* [Directions]: Taking the entries below, transcribe only the lines starting with the one with "Toyota Camry 2018, 124,700" and going on through the one with "ইনিংসের হাল কিছুটা", exactly as written, without the pictures.

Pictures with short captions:
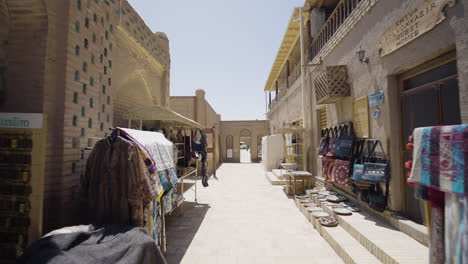 Punto-De-Vista-De-Una-Persona-Con-Bazar-En-Cada-Rincón-Del-Establecimiento-En-El-Casco-Antiguo-De-Khiva,-Uzbekistán.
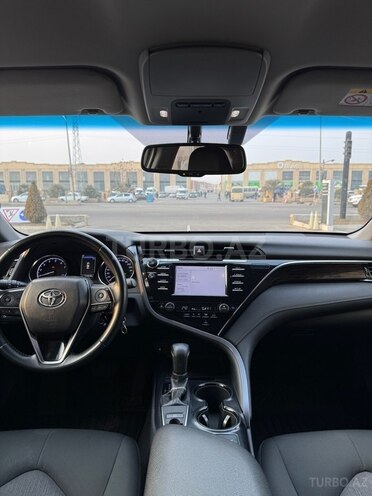 Toyota Camry 2018, 124,700 km - 2.5 l - Gəncə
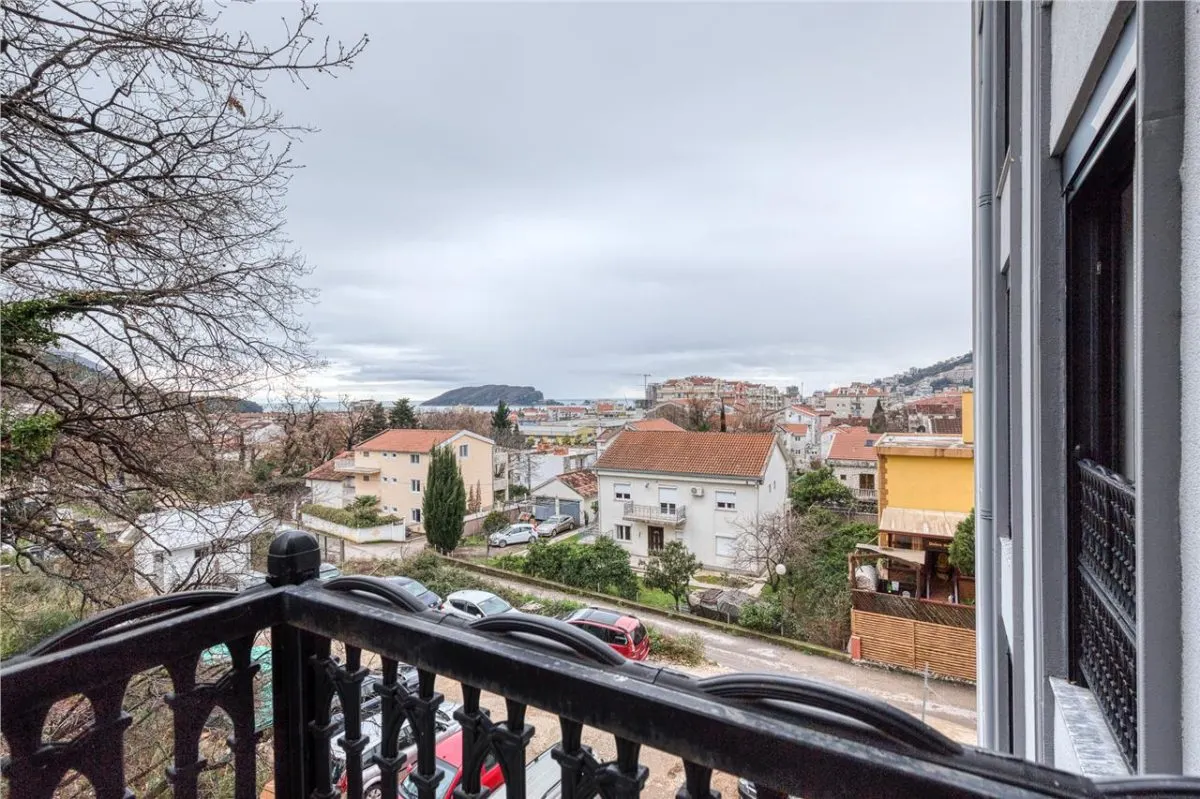 Apartment for Sale in Budva - foto 7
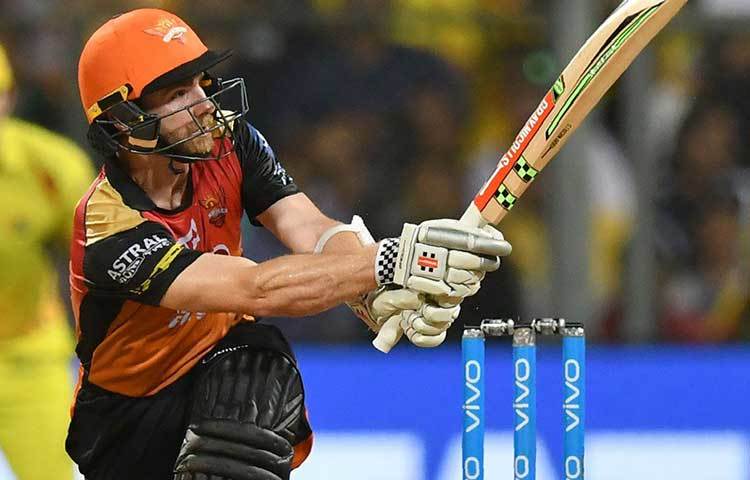 ইনিংসের হাল কিছুটা ধরার চেষ্টা করেন শিখর এবং কেন উইলিয়ামসন। ধবন ২৬ রান করে আউট হন। পরে শাকিব-আল-হাসানের সঙ্গে পার্টনারশিপ গড়ার চেষ্টা করেন কেন উইলিয়ামসন। তবে তা থিতু হয়নি বেশিক্ষণ। উইলিয়ামসন (৪৭) রানে ফিরতেই রান রেট কমে যায় হায়দরাবাদের।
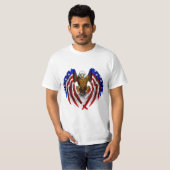 American Eagle mit US-Flagge auf Flügeln T-Shirt (Vorne ganz)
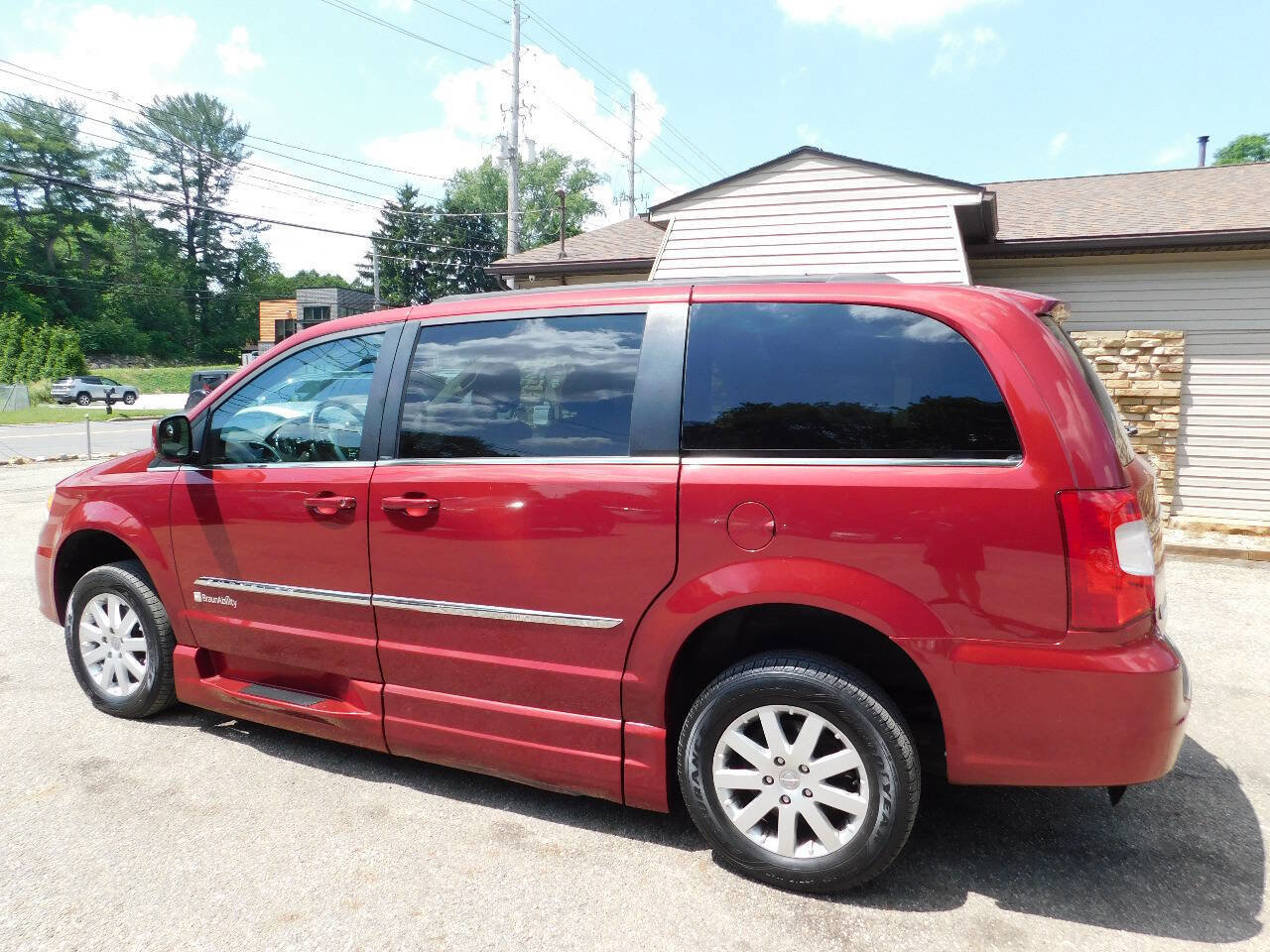 Used 2013 Chrysler Town & Country Touring image 9
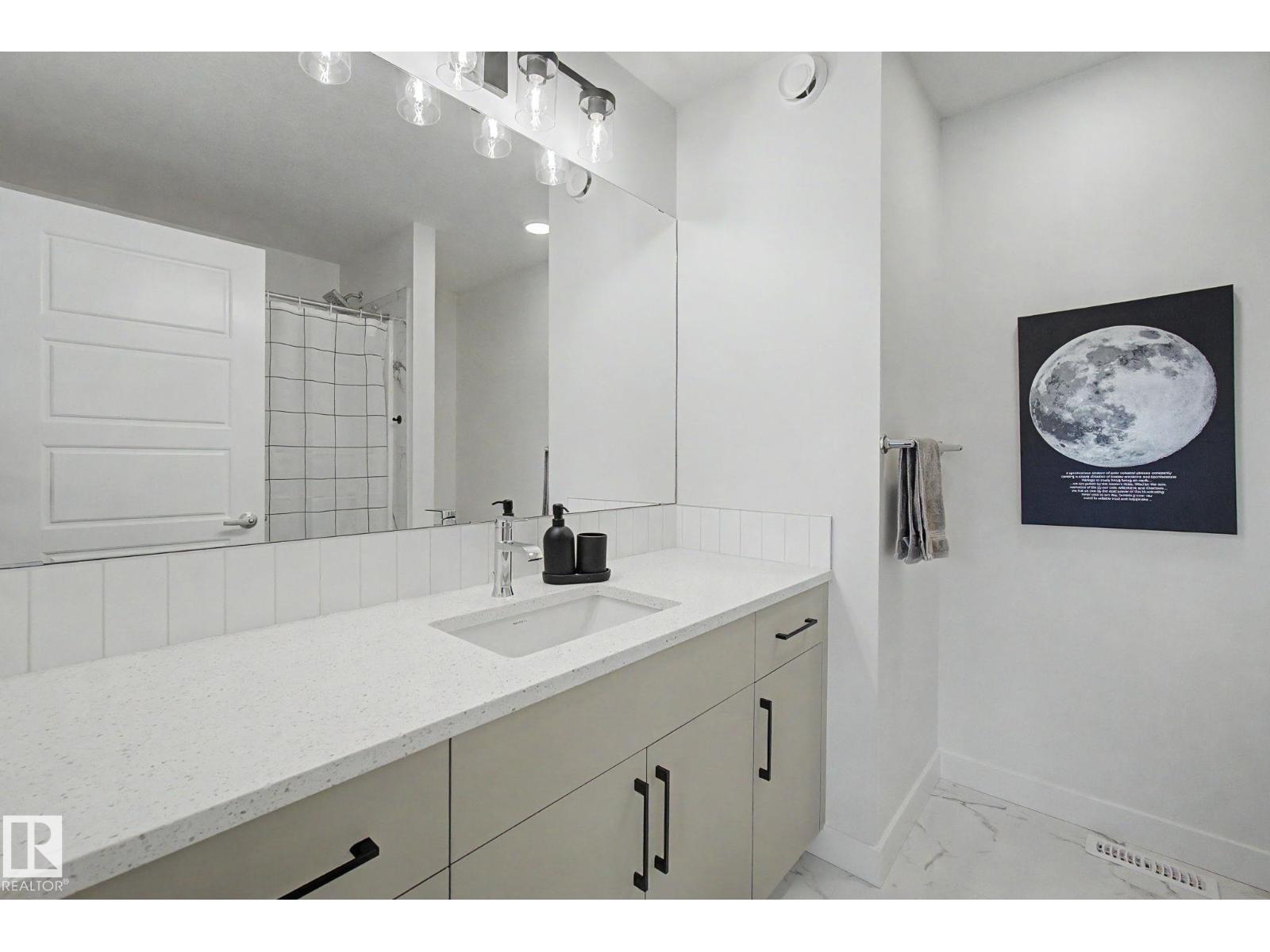 5745 HAWTHORN CM SW - 37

* [Expected answer]:
 Toyota Camry 2018, 124,700 km - 2.5 l - Gəncə
 Apartment for Sale in Budva - foto 7
 ইনিংসের হাল কিছুটা ধরার চেষ্টা করেন শিখর এবং কেন উইলিয়ামসন। ধবন ২৬ রান করে আউট হন। পরে শাকিব-আল-হাসানের সঙ্গে পার্টনারশিপ গড়ার চেষ্টা করেন কেন উইলিয়ামসন। তবে তা থিতু হয়নি বেশিক্ষণ। উইলিয়ামসন (৪৭) রানে ফিরতেই রান রেট কমে যায় হায়দরাবাদের।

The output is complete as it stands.